Advisor: Ragan Petrie, PhD, Department of Economics

Committee Members: Marco Castillo, Thomas Stratmann

Truland Building, #400A
April 26, 2012, 04:00 PM to 01:00 PM

Abstract:

This dissertation examines information transmission, framing, and deception in three field experiments in political environments. The first chapter is a field experiment embedded in a candidate’s campaign for office. The candidate varied whether he revealed his ideological position or explained how to vote to voters, as well as whether he delivered the message in person or left it in their door. These treatments allow us to identify whether political persuasion is due to direct transmission of ideas or indirect transmission through, e.g., costly signaling. The results are consistent with the latter: voters were persuaded by the candidate’s presence, but there is no difference across messages. Voter turnout differences across messages indicate voters did receive the messages, and the fact that voting occurs both privately and well after the campaign contact implies the result is not social pressure from the candidate.

The second chapter explores how message tone and framing influence contribution to political campaigns using field experiments embedded in two candidates’ campaigns. We vary whether two candidates’ partisan supporters receive a positive letter, negative letter, or no letter soliciting funds and support for the candidate. Negative messages may lead to greater giving of both money and votes (voter turnout) through emotional responses, loss aversion, or greater informational content of comparative messages. We find no difference in contribution behavior between treatments; both the negative and positive letter are equally effective at fundraising. Partisans receiving the negative message, however, are more likely to vote than positive message recipients. Further analysis reveals that negative messages are do not mobilize voters relative to the control group, but that positive messages depress them.

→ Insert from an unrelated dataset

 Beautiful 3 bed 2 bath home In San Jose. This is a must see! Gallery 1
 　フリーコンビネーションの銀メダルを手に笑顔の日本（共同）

The final chapter is a quasi-field experiment conducted during a gubernatorial election to study misinformation. There are reports of voter misinformation in every recent election cycle, though their number, magnitude, and effect is currently unknown (U.S. Election Assistance Commission 2006). I constructed a mock election in which students who registered and voted could receive a cash prize, and varied whether subject-voters received a warning about misinformation, an untruthful email on Election Day indicating the mock election was canceled, both, or neither. There is a weak effect of misinformation on voters generally which is mediated by subjects’ prior knowledge: there is no effect on politically-related majors, but a demobilizing effect on non-politics majors. Overall, the results suggest misinformation plays a small role in voter turnout.